Exercise: The answer is to be the lines below that lie between the line holding "Mikkelsen festeja el triunfo con su equipo" and the line holding "5th image of 935 Oakdale Ave", inclusive, transcribed exactly and free of pictures.

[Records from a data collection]

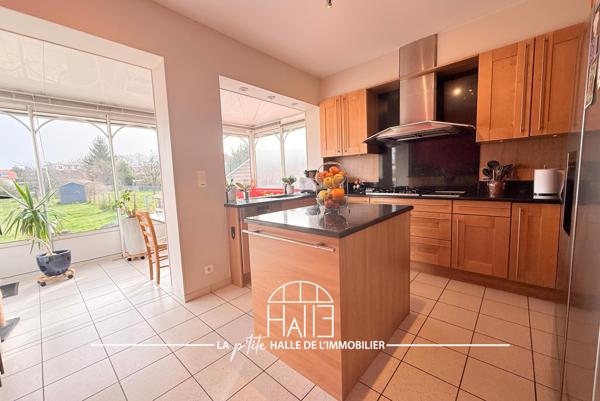 Maison 8 pièces - 170 m² Exclusivité efficity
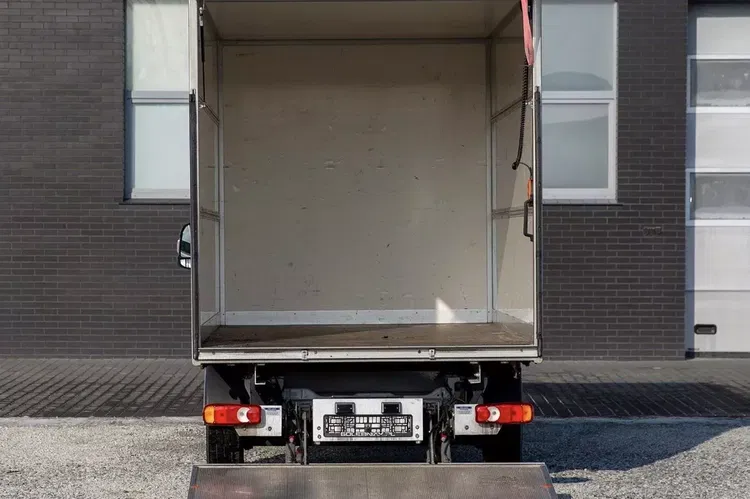 Peugeot Boxer 165KM 8ep KONTENER + WINDA dHollandia 750kg zdjęcie 7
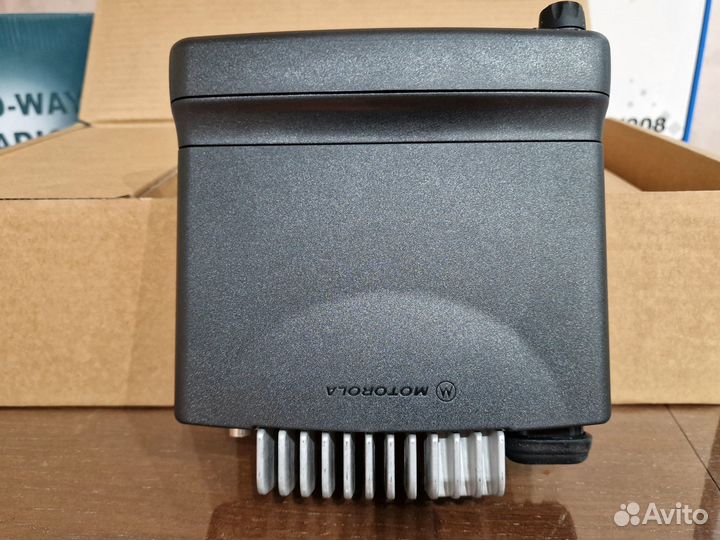 Новая Motorola GM360 Satcom 240-320мгц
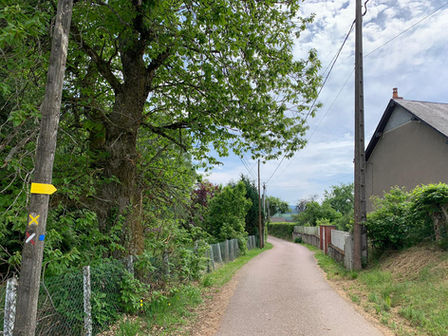 arrivée au bourg par Joux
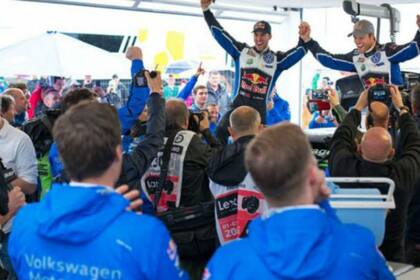 Mikkelsen festeja el triunfo con su equipo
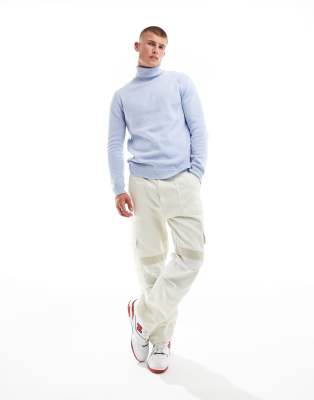 ASOS DESIGN – Rollkragenpullover aus mittelschwerem Strick in meliertem Blau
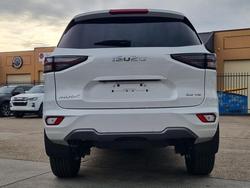 2025 Isuzu
MU-X LS-T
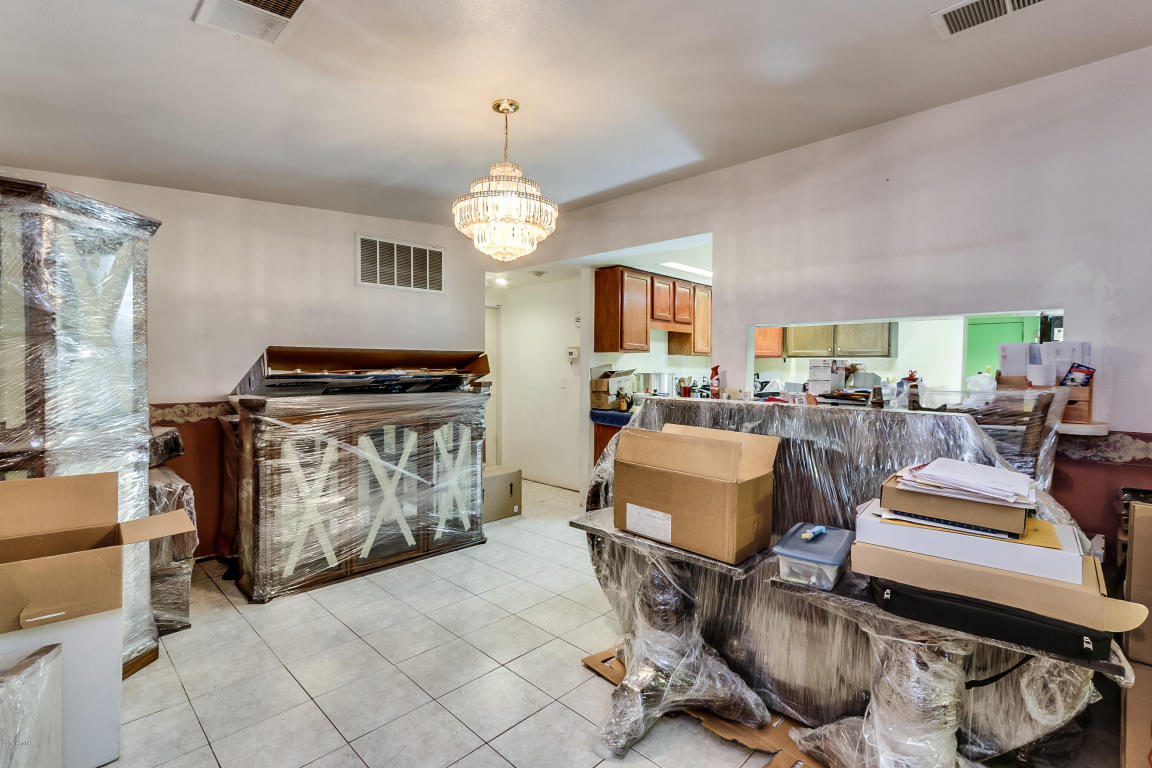 9005 N 3rd Dr, Phoenix, AZ 85021 photo 9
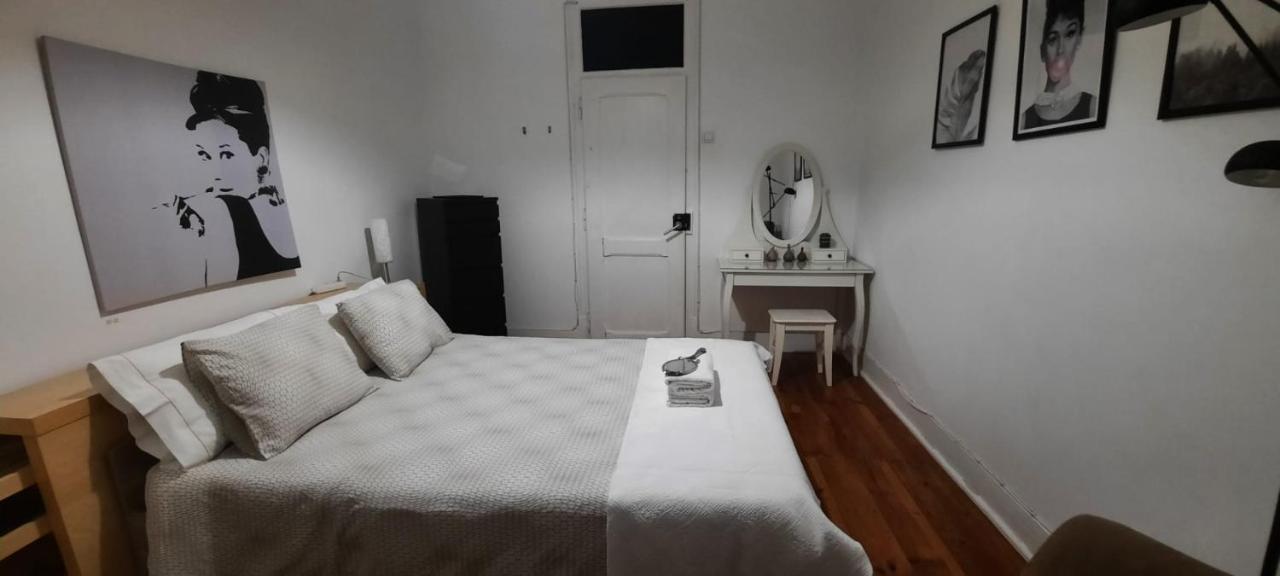Sunny Terrace Apt, Close To Downtown! 2 Bedroom Flat Lisbon Luaran gambar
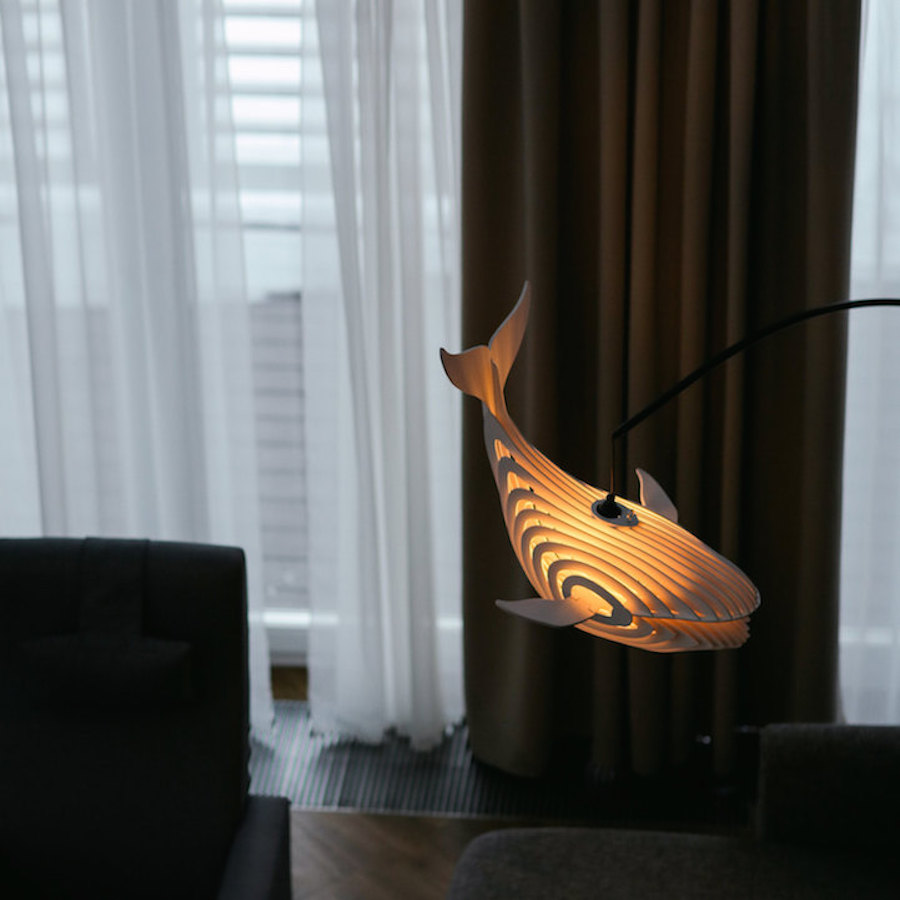 Lovely Wooden Whale Lamp2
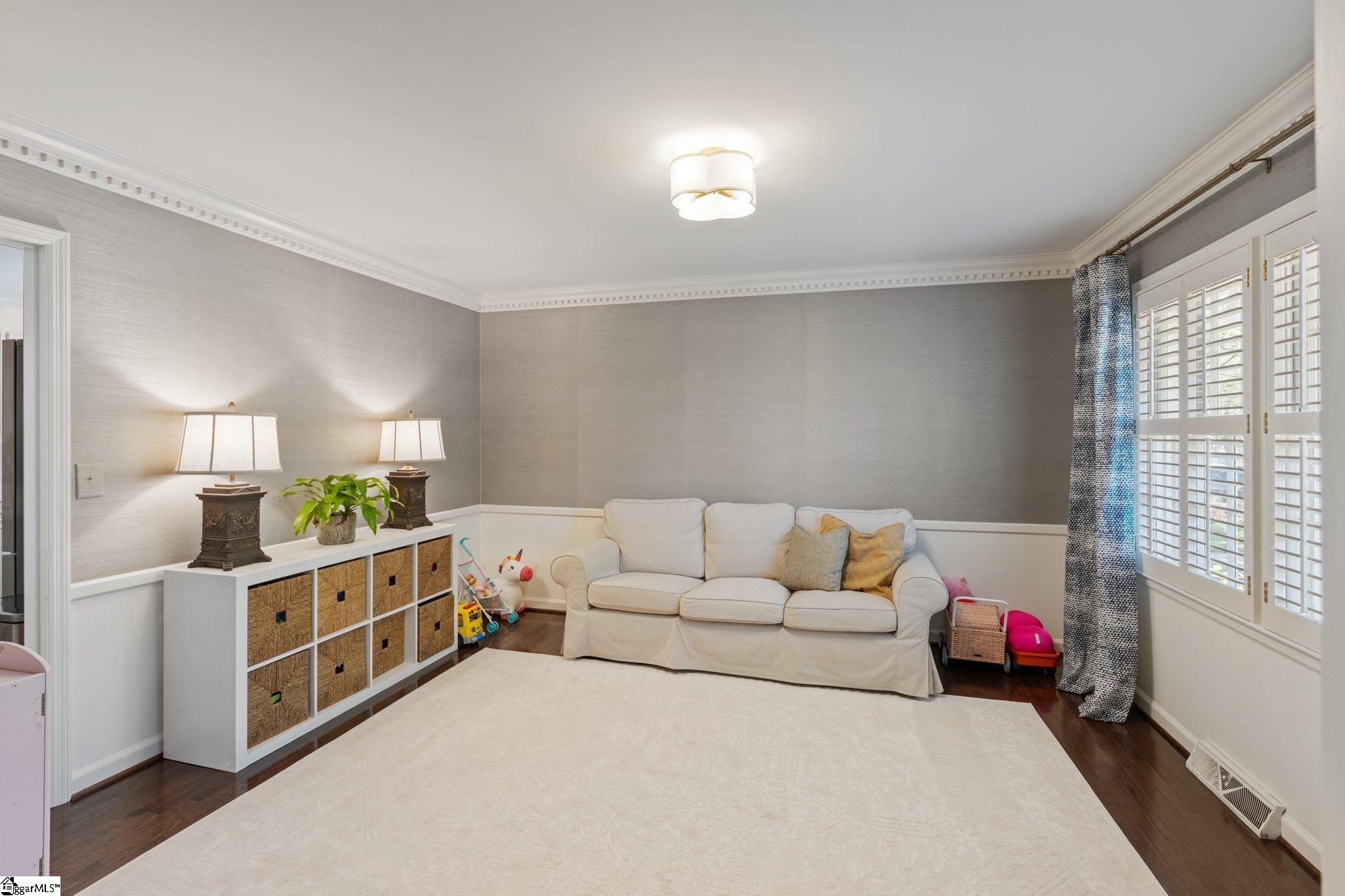 421 E Seven Oaks Drive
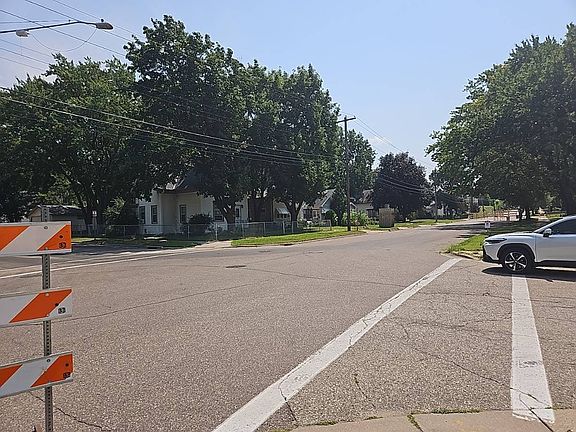 5th image of 935 Oakdale Ave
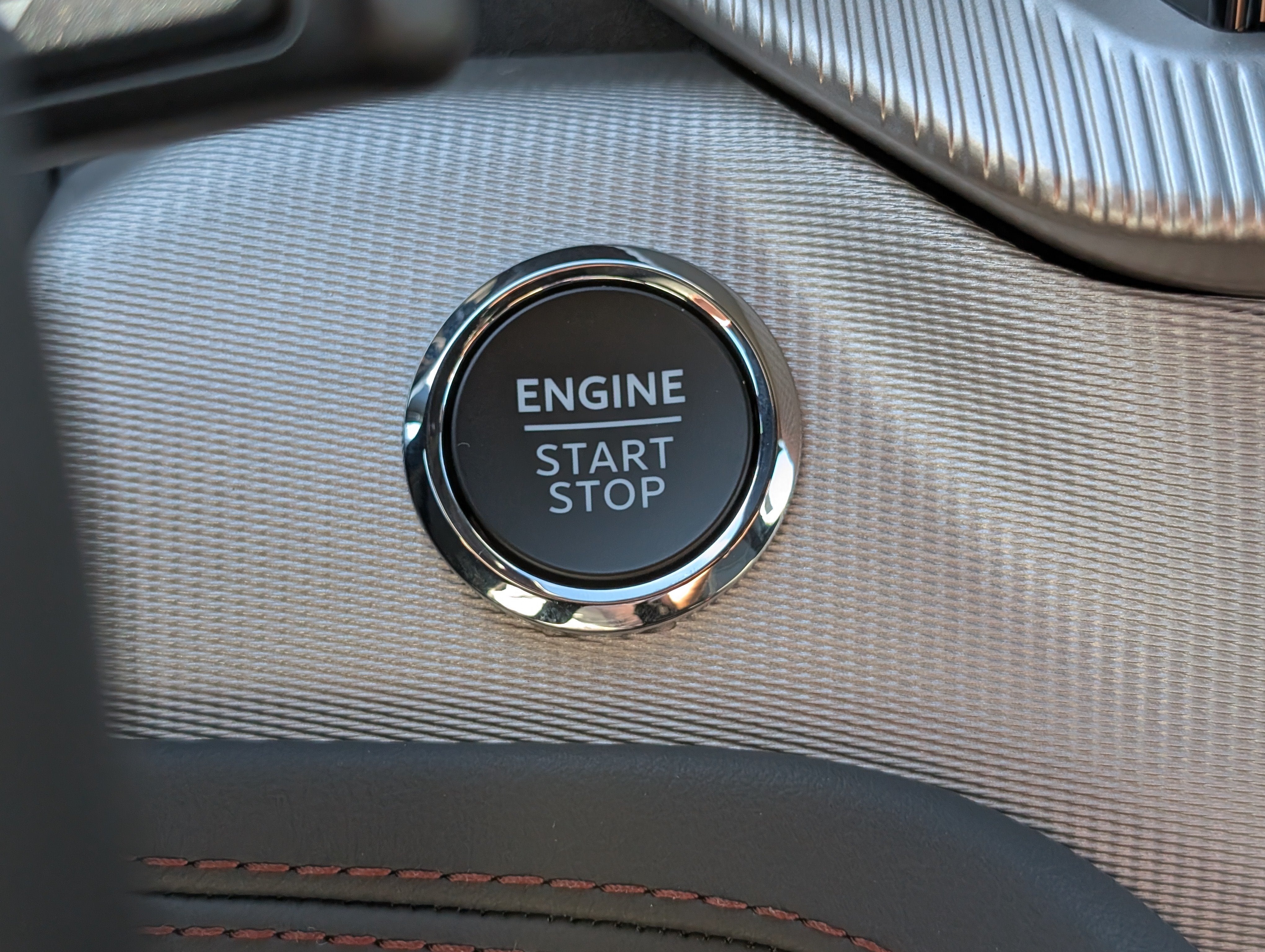 2027 Ford Explorer Active with 200A Pkg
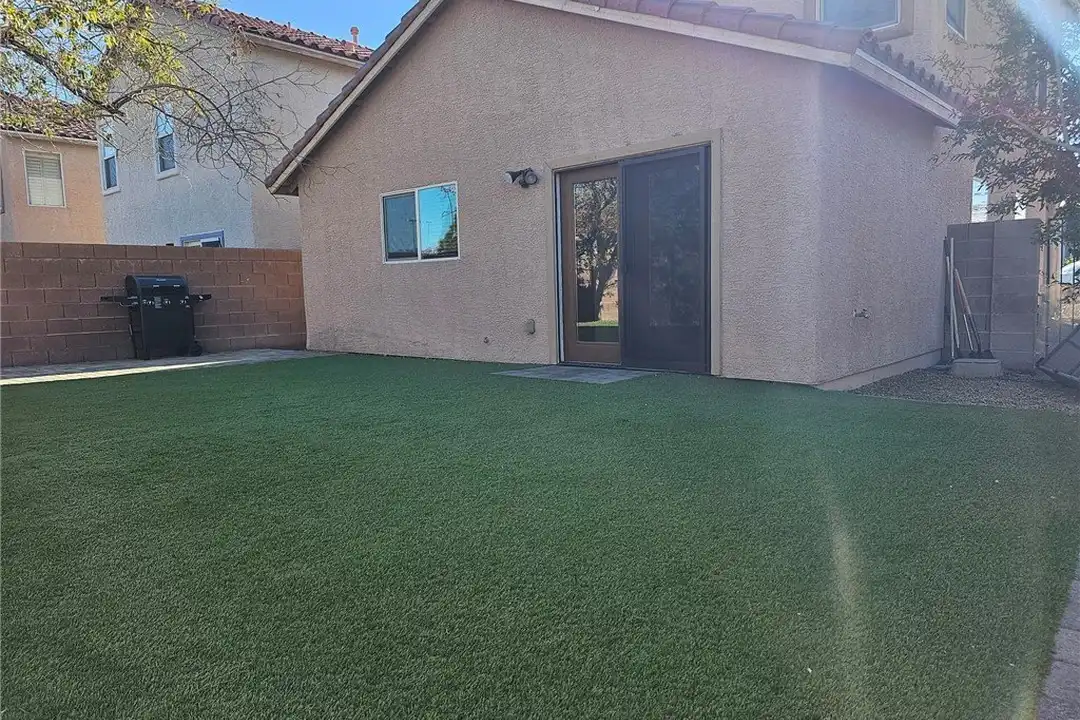 5064 Whistling Acres Ave - More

Written reply:
 Mikkelsen festeja el triunfo con su equipo
 ASOS DESIGN – Rollkragenpullover aus mittelschwerem Strick in meliertem Blau
 2025 Isuzu
MU-X LS-T
 9005 N 3rd Dr, Phoenix, AZ 85021 photo 9
Sunny Terrace Apt, Close To Downtown! 2 Bedroom Flat Lisbon Luaran gambar
 Lovely Wooden Whale Lamp2
 421 E Seven Oaks Drive
 5th image of 935 Oakdale Ave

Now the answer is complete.